SlateDB stores durable rows in SST files under wal/ and compacted/. Both use the same block and footer format, but they serve different jobs. WAL SSTs record writes in sequence number order for recovery and CDC. Compacted SSTs store L0 and sorted-run data in key order and serve normal reads. The same rows can appear in a different order depending on the SST type.

WAL SST (sequence order)

seq=41 key=banana value=yellow
seq=42 key=apple value=green
seq=43 key=carrot value=orange

Compacted SST (key order):

key=apple seq=42 value=green
key=banana seq=41 value=yellow
key=carrot seq=43 value=orange

An SST stores data blocks first. A compacted SST may then append a Bloom filter block. The Bloom filter block stores a probabilistic membership filter that lets point reads skip the SST on a definite miss. Next comes the index block. The index block stores one entry per data block with the block offset and a search key or sequence bound so readers can jump to candidate blocks. A compacted SST may also append a stats block. The stats block stores file-level and per-block counters and byte totals for puts, deletes, merge operands, keys, and values. Every SST ends with SsTableInfo, followed by the 8-byte metadata offset and the 2-byte format version.

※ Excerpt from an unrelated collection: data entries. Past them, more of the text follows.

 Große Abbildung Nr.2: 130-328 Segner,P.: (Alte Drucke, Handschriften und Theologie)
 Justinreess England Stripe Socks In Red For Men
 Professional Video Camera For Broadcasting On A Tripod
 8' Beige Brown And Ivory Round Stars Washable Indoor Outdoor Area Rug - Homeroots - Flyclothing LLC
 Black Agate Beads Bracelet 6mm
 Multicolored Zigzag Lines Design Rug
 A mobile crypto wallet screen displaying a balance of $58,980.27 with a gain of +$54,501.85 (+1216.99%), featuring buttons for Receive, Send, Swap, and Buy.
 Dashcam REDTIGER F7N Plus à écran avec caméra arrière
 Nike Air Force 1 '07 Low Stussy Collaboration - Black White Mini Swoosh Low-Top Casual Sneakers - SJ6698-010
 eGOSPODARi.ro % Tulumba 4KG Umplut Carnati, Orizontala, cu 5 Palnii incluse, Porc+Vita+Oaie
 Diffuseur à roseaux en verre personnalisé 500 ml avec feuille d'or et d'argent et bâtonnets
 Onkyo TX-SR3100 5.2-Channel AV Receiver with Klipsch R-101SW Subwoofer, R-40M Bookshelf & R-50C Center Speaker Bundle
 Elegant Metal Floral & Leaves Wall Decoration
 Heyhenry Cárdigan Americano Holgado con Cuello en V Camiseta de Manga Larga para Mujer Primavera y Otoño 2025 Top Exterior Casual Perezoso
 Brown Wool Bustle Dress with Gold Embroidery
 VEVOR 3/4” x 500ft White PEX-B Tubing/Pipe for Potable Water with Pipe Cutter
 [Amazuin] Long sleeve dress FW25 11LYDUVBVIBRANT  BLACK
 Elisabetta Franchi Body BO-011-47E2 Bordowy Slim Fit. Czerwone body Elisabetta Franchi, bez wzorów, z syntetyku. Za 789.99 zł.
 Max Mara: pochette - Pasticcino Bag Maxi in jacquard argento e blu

%%{init: {"packet": {"bitsPerRow": 14, "bitWidth": 50, "showBits": false}}}%%
packet-beta
title SST file layout
+14: "data blocks..."
+14: "filter block (optional)"
+14: "index block"
+14: "stats block (optional)"
+14: "SsTableInfo"
+14: "metadata offset: u64 LE"
+14: "format version: u16 LE"

Each stored block ends with a CRC32 checksum. That applies to data blocks and to footer blocks such as the filter, index, stats, and SsTableInfo metadata.

SlateDB groups rows into blocks up to the target size configured with DbBuilder::with_sst_block_size. When the next row would overflow the current block, the writer closes that block and starts a new one. Compacted SSTs write rows in key order. WAL SSTs write rows in sequence number order.

Within a data block, each stored row is a RowEntry: the logical fields are the key bytes, a ValueDeletable payload (Value, Merge, or Tombstone), the sequence number, and the optional expire_ts and create_ts timestamps.

In the current SST row codec (SstRowCodecV2), keys are prefix-compressed against the previous key in the block. shared_bytes records how many leading bytes match the previous key, unshared_bytes records the remaining suffix length, and key_suffix stores that suffix. At restart points, which current writers insert every 16 entries, shared_bytes is 0, so the entry stores the full key and readers can seek into the block without decoding from the beginning.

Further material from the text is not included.